The wasmtime wrapper sets:

-Wthreads=y -Sthreads=y — enable WASM threads and shared memory
--env HARDWARE_CONCURRENCY — thread count
--env BB_BENCH — enable operation counting (ENABLE_WASM_BENCH=ON is set by the wasm-threads preset)
--dir=$HOME/.bb-crs --dir=. — filesystem access for CRS and working directory

Local runs are noisy — average 3 runs

Non-dedicated machines have variable CPU load. Run the benchmark at least 3 times and average the results.
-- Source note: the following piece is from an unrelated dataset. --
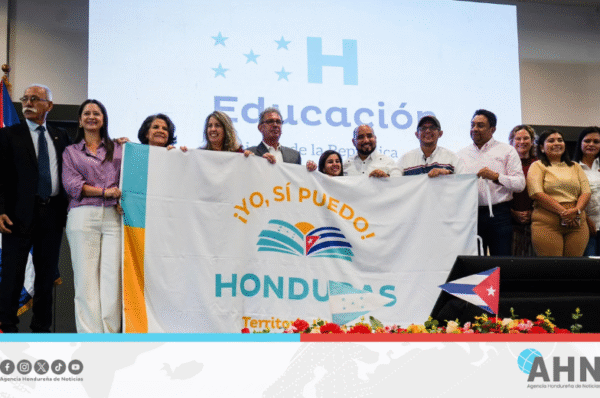 Secretario de Educación destaca declaración de Honduras libre de analfabetismo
Only the remote benchmarking machine (see /remote-bench skill) provides stable, isolated CPU for single-run measurements.
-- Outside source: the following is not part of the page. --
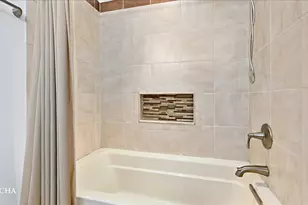 316 Cottonwood Ln, Naperville, IL 60540 - Photo 17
When iterating locally on profiling code changes, relative comparisons (before vs after your change) are still valid on noisy machines — just ensure you compare runs taken close together under similar load.

Using with the remote benchmarking machine

For noise-free, publishable results, use the /remote-bench skill to run on the dedicated EC2 instance. The two skills compose naturally:

/benchmark-chonk download-inputs — get pinned inputs locally
/remote-bench — build locally, scp binary + inputs to remote, run there, copy results back

See the /remote-bench skill for setup, lock management, and usage.
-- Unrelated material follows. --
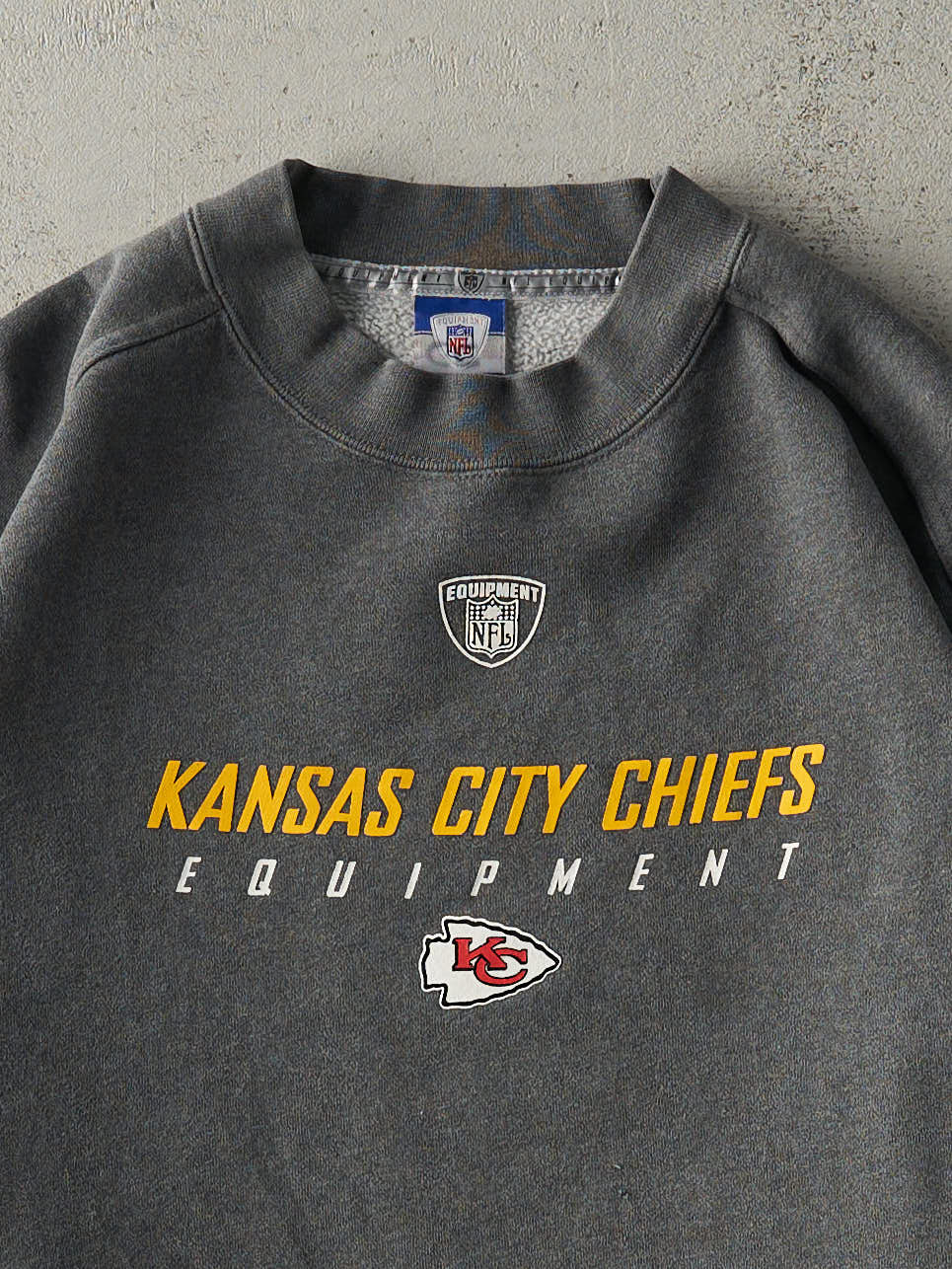 Vintage Y2K Charcoal Grey Kansas City Chiefs Crewneck (L)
BB_BENCH instrumentation system

How it works

BB_BENCH is an always-compiled, low-overhead RAII profiling system.

Header: barretenberg/cpp/src/barretenberg/common/bb_bench.hpp Implementation: barretenberg/cpp/src/barretenberg/common/bb_bench.cpp

Macros:

BB_BENCH()                    // label = __func__
BB_BENCH_NAME("label")        // custom label (preferred)
BB_BENCH_ONLY_NAME("label")   // no Tracy, no nesting — lightweight
BB_BENCH_ENABLE_NESTING()     // set parent context for child operations

The macros create BenchReporter RAII objects that:

On construction: capture parent context + start time
On destruction: record elapsed time with parent association
Build a hierarchical call tree automatically

Activation: BB_BENCH=1 env var, or --print_bench / --bench_out_hierarchical CLI flags.

Google Benchmark integration

For .bench.cpp targets that integrate BB_BENCH into Google Benchmark counters:

#include "barretenberg/common/google_bb_bench.hpp"

for (auto _ : state) {
    GOOGLE_BB_BENCH_REPORTER(state);  // clears stats, collects on destruction
    // ... benchmark body ...
}

GOOGLE_BB_BENCH_REPORTER(state) creates a GoogleBbBenchReporter which:

Constructor: calls GLOBAL_BENCH_STATS.clear() — resets all accumulated stats
Destructor: aggregates stats into Google Benchmark counters (each operation becomes a (s) suffixed counter)

Per-circuit / per-accumulate breakdown

Key function: bb::detail::GLOBAL_BENCH_STATS.clear() (barretenberg/cpp/src/barretenberg/common/bb_bench.cpp)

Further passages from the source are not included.